Chapter 3 Guidance to answering the end-of-chapter questions

The Nature of the British Constitution

1. In no more than 150 words, explain the purpose of a constitution.

  • Constitutions come in many shapes and sizes but focus on what a constitution is for, rather than what it might look like. What is it that you understand that constitutions do?
  • As a starting point, constitutions describe the way in which the state is set up and should function. Is this all that constitutions do?
  • Are constitutions value-neutral? Or do they also give effect to principles upon which the state is founded?
  • Once you have written your 150 words, check your draft against what other commentators argued to see what you agree or disagree with. You will find extracts of those arguments at pp. 50–51.

2. List the ways in which a constitution may be classified and define what each of the terms means.

  • Think about the different form and structures of constitutions.
  • Some constitutions contain a body of constitutional law in a single document. How might you refer to these constitutions?
  • Other constitutions are made up from a collection of different sources. Can you recall the terms for those?
  • Can you remember how the constitutions of different countries are classified? How would you classify the UK constitution?
  • If you are not clear on the different terms, turn to pp. 52–56 for a refresher.

3. To what extent is it more accurate to describe a constitution as the founding document of the state than as the principles and laws that underpin and legitimise the state?

  • Think about the earliest known examples of Western written constitutions such as the US Constitution and the French Declaration of the Rights of Man. What events preceded these constitutions? Would you say that these documents set out the founding principles of each state?
  • Did all countries develop constitutions in these ways? What do you remember about the history of the UK constitution? Think back to the explanation given by Tomkins on p. 53.
  • With all this in mind, do you think that all constitutions can be described as founding documents of state? If not, what is it that all constitutions do have in common?

4. To what extent do you agree that the mode of the constitution is less important than its content?

  • Before you think about the mode of the constitution, think again about the purpose or role of a constitution.
  • Do you think that the purpose of a constitution is better served if the constitution takes a particular form? For example, if the main purpose of a constitution is to set out the framework of state, is it necessary that constitutions be written? Or can an unwritten or uncodified constitution still fulfil that purpose?
  • For another example, think about another purpose of constitutions: setting out the rights of citizens or subjects. Is the nature of such rights more or less important than the form a constitution takes?
  • You can find help on these points at pp. 53–54.

5. To what extent do political and legal mechanisms to enforce constitutions differ? Which do you consider to be more effective and why?

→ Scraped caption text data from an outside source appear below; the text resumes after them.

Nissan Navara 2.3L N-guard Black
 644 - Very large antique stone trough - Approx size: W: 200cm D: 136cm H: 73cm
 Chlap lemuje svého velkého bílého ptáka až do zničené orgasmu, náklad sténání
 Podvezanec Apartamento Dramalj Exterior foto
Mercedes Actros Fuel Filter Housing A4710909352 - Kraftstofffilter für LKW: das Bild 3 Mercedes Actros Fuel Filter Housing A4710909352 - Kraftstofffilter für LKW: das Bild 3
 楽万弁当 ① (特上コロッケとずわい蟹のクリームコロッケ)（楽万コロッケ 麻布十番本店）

  • What do you think is meant by a ‘political’ mechanism? What bodies or powers of state do you think would be involved in politically enforcing the UK constitution?
  • What do you think is meant by ‘legal’ mechanisms to enforce constitutions? What bodies or powers of state do you expect to be carrying out the work of legally enforcing a constitution?
  • When thinking about this, consider whether different enforcement mechanisms might be more appropriate for different kinds of constitutions or different elements of a constitution.
  • In the UK, you have learned that the constitution is made up of a number of different sources. Can you remember what a ‘constitutional convention’ is and do you think that a political or legal enforcement mechanism is likely to be more appropriate or effective for these? Refer back to p. 60 if you are unsure how to explain a ‘constitutional convention’.
  • It is not possible to legally enforce the constitution against the legislature in the UK, meaning that primary legislation cannot be challenged in court. Can you think of any reasons why it might be undesirable to make the constitution justiciable against the legislature? Think about how it might affect the balance of powers between unelected judges and elected members of the legislature. If you are not sure, look back to p. 64.

6. Explain the main proposals for reform of the British constitution since 1990. What difference, if any, do you think each of these would make in real terms?

  • Do you remember what the ‘Macdonald constitution’ refers to and what sorts of things were proposed?
  • What can you remember about Tony Benn’s Commonwealth of Britain Bill and how it compared to the Macdonald constitution?
  • How did the ‘Constitution of the United Kingdom’ test published by the Public Policy Research think tank compare to the MacDonald constitution or the text developed by Tony Benn?
  • What does the word ‘entrenched’ mean and what difference do you think it makes if a bill of rights is or is not entrenched?
  • To jog your memory about these reform proposals, look at Oliver’s explanations at pp. 65–67.
  • Were any of these proposals reflected in the constitutional reforms brought in by the Labour Government, elected in 1997? See p. 68 for help with this.